For a RSD assessment of N content measured among laboratories sensu25 along with an assessment of potential bias, some of the Fennoscandian samples (n = 56) were analysed by both the CNS elemental analyser and the colorimetric method. An assessment of bias requires a minimum of five replicate analyses of a Certified Reference Material25, which we did not have. We have nevertheless included a measure of bias by assessing the average difference in N content provided by the two methods of chemical analysis.

NIRS calibration and validation

Spectral data transformations were applied during model development, with the use of centering, scaling, standard normal variate (SNV), smoothing based on moving averages, baseline corrections and 1st and 2nd order Savitzky-Golay derivatives36,37. A calibration and a validation subset of the data were created for each of the spectral data transformations. The calibration subsets were used to develop the models including internal cross-validation, whereas the final models were tested using the validation subsets (also termed external validation). The sample selection method for the two subsets was chosen so as to maximize model performance. The subsets were based on maximizing spectral variation using the Kennard-Stone algorithm38, with a ratio of calibration to validation sample sizes of 85:15. Spectral outliers were identified by means of Mahalanobis distances.

Each calibration model was developed using the partial least squares regression39, with a ten-fold cross-validation40 of the model to select the optimal model. The most parsimonious models were chosen based on an evaluation of the coefficient of determination (R2), the number of latent variables (k) and the root mean square of the error of the cross-validation of the calibration (RMSECV), which gives an assessment of the error between the predicted and the measured value. Finally, each calibration model was tested against its respective validation set (external validation). The coefficient of determination (R2), root mean standard error of prediction (RMSEP), bias (systematic error of the linear fit) and intercept and slope of the linear fit of the predictions were calculated to assess the robustness of the calibration.
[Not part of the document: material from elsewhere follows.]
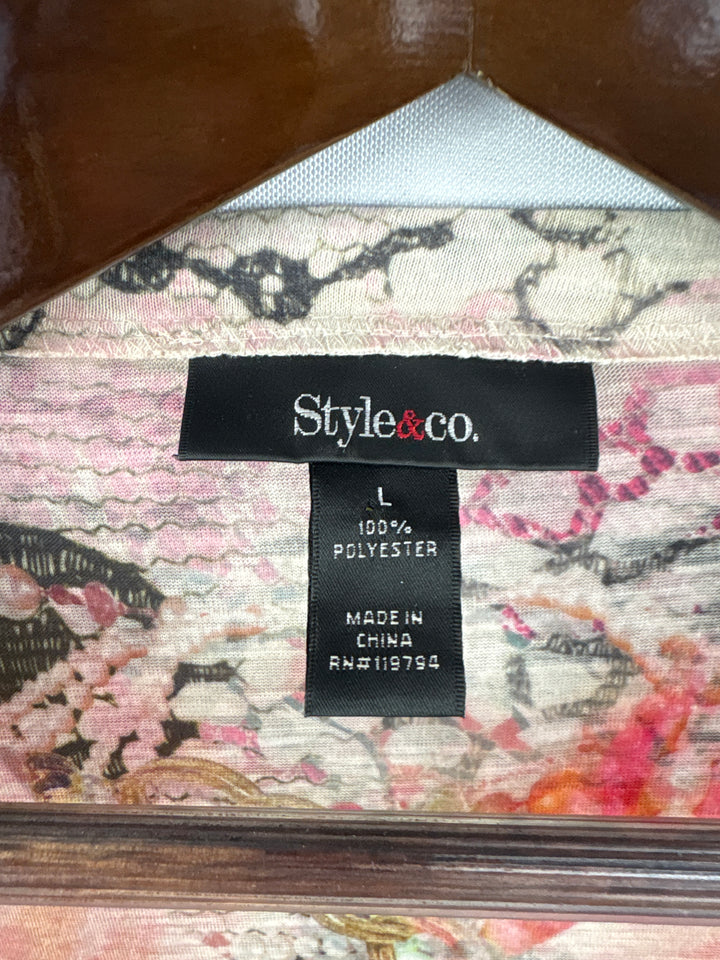 Women’s Style&amp;Co Large Beige &amp; Pink Floral Bedazzled Blouse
Statistical analyses were all run in R 3.1.0 (R Development Core Team, 2014) using the partial least squares regression39 in the PLS package41 and first (1D) and second (2D) derivative treatments using the Prospectr package37.

Region specific and arctic-alpine calibration models

First, we modelled biogeographic region-specific calibration models for foliar N, P and C content. Then we assessed the performance of each of these calibration models in predicting the foliar N, P and C content of samples from the other region. Finally, we combined the two spectral databases and developed arctic-alpine models for foliar C, N and P content.

Model performance for new sample types

We assessed the performance of the arctic-alpine models in predicting N, P and C content of new sample types (Table S2). The new samples types were foliar samples of species from the Arctic (i.e. Svalbard as a new biogeographic region), senescent leaf samples from Fennoscandia (i.e. a new phenological stage) and moss samples (i.e. both a new functional group and non-vascular plant). The samples were processed and scanned as described above and the NIR spectra were applied for predicting foliar N, P and C content with the arctic-alpine models. The predicted values were compared to N, P and C content as retrieved from chemical analysis using a CNS elemental analyser for C content and colorimetry for N and P content (described above). Finally we incorporated the new samples into the arctic-alpine calibration models and assessed whether the different sample types altered their performances.